In their Q3 2025 market report, David Duong, CFA and Head of Research at Coinbase Institutional, along with analysts from blockchain intelligence firm Glassnode, forecast bullish momentum for digital assets driven by favourable macroeconomic and policy shifts.
Fed Policy and Regulatory Breakthroughs Lead the Narrative
According to BittMint findings, the report identifies a confluence of positive signals: easing recession risks, a dovish tilt from the U.S. Federal Reserve, and what analysts call “unprecedented” regulatory progress during H1 2025.
Major milestones include pending U.S. stablecoin legislation and a comprehensive digital asset framework, signaling a maturing regulatory environment.

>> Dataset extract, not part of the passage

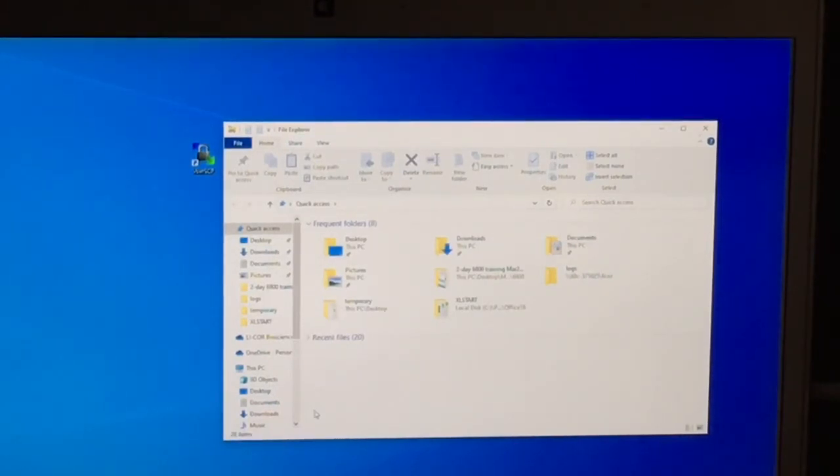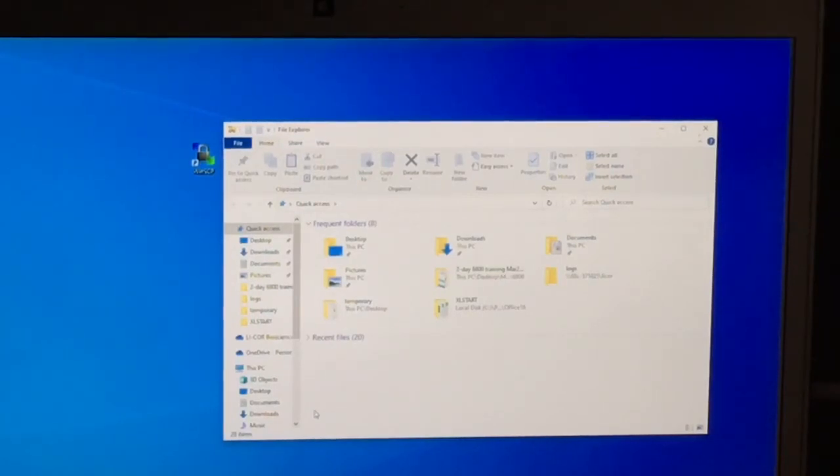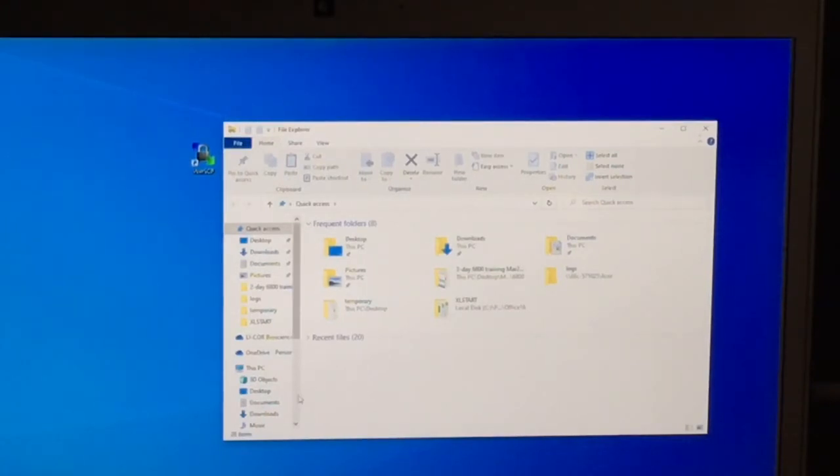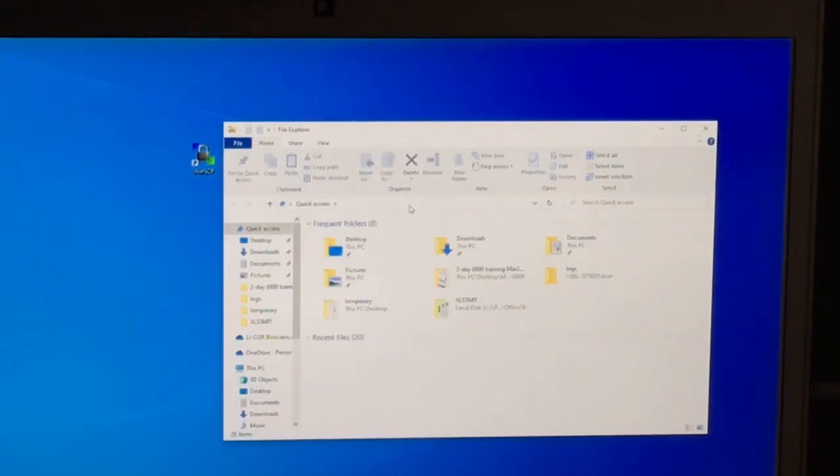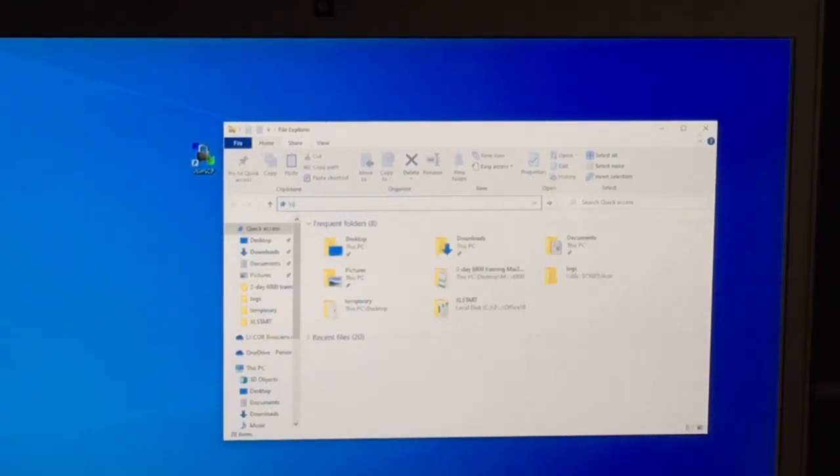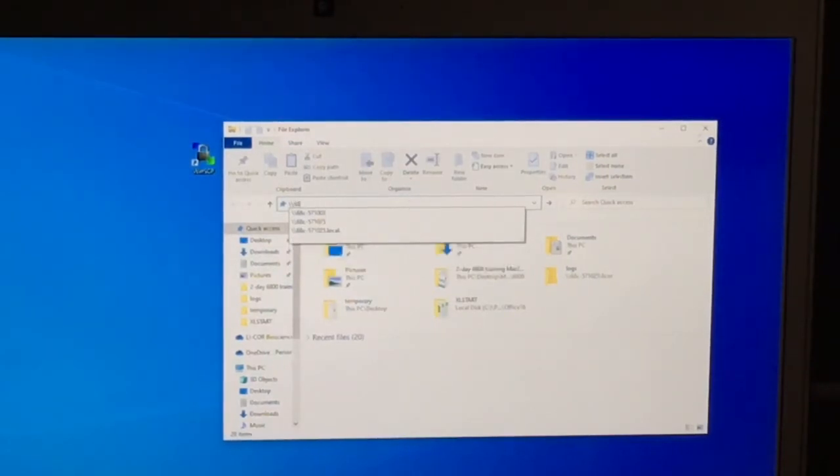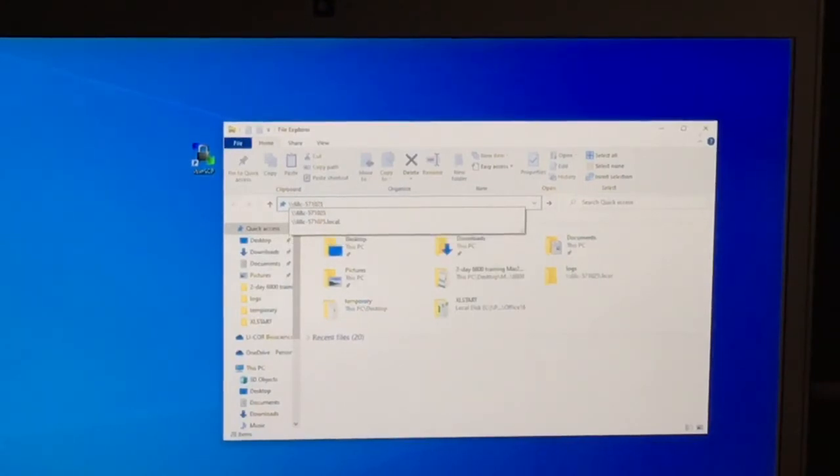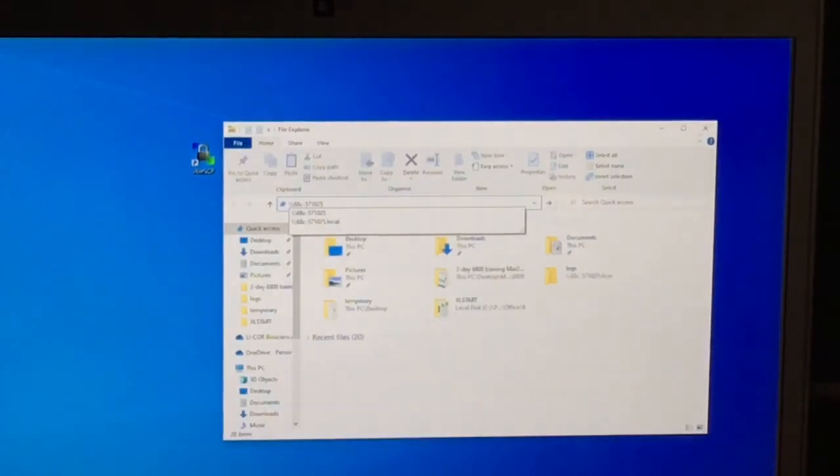For Windows operating system users, go to your computer and open a Windows Explorer window. In the address bar, enter two backslashes followed by the serial number of your console. For this instrument, it's backslash backslash 6ac-571025. Then, press the enter button on your keypad of your computer.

These developments, analysts say, are fostering greater institutional confidence, especially among corporate treasuries now entering the bitcoin market as long-term buyers.
“Crypto’s macro and regulatory backdrop is the most constructive it’s been in years,” the report states, adding that spot ETF inflows and record stablecoin issuance underscore surging market demand.
ETF Inflows and Onchain Strength Fuel Optimism
U.S. spot bitcoin and ether ETFs saw Q2 net inflows of $14.6 billion, a dramatic surge from $627 million in Q1. Bitcoin dominance climbed to 64% by June 30, its highest level since 2021. Meanwhile, total stablecoin supply exceeded $230 billion, hitting an all-time high.
Onchain metrics also reflect growing investor conviction. Glassnode’s Entity-Adjusted Net Unrealized Profit/Loss (NUPL) metric for Bitcoin shifted from “Anxiety” to “Belief,” while the share of BTC supply in profit rose from under 75% to nearly 100%.
Ethereum showed similar strength, with combined ETH and Layer 2 transaction volumes up 7%, while network fees dropped 39%, boosting user activity.
Industry Voices Highlight Structural Shifts
Partner commentary reinforced key demand drivers. Bitwise reported that spot bitcoin ETFs have purchased 225% of all newly mined BTC since January 2024, fueling significant supply-side pressure. Grayscale drew attention to the emerging decentralized AI crypto sector, now valued at approximately $15 billion. Parafi, meanwhile, highlighted Polymarket’s robust volumes following the 2024 U.S. election, signaling growing interest in prediction markets.
Risks Remain, But No Return to 2024 Lows Expected
While Coinbase and Glassnode acknowledge systemic risks related to excessive leverage, they view them as medium-term concerns, unlikely to derail short-term growth. The analysts warn that a sharp Fed easing could amplify bullish sentiment, while geopolitical tensions or a resurgence in trade conflicts may temper gains.
Despite the possibility of short-term corrections, the report concludes that current fundamentals suggest the crypto market is unlikely to revisit the bearish depths of 2024.